Within this listing, how many lines include the word "Centro"? Only the number should be given.

++++ Recorded information ++++

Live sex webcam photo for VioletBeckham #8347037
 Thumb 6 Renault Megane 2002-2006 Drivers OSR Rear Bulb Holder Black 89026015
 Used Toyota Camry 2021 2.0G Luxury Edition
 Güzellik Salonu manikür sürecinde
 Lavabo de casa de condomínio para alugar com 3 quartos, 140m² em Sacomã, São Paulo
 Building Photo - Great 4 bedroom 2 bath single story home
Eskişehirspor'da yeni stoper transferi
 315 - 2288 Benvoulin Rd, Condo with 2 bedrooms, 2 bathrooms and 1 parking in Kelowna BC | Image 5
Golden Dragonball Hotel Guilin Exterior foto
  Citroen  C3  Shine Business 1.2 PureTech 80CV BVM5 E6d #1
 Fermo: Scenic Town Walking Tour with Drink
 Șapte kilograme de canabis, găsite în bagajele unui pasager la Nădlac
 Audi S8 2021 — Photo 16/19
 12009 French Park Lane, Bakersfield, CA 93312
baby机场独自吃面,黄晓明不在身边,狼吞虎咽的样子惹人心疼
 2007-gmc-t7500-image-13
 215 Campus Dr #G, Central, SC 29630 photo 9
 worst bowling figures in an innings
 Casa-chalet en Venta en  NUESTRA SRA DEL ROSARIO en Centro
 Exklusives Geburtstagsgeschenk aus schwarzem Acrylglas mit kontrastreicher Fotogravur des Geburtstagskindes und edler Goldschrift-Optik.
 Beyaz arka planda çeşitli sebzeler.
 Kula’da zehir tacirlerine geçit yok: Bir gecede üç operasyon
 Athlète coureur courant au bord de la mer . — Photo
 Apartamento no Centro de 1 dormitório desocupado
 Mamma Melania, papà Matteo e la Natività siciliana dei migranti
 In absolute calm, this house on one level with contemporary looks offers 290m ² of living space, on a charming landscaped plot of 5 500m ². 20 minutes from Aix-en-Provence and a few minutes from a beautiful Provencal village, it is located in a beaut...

++++

Task output: 2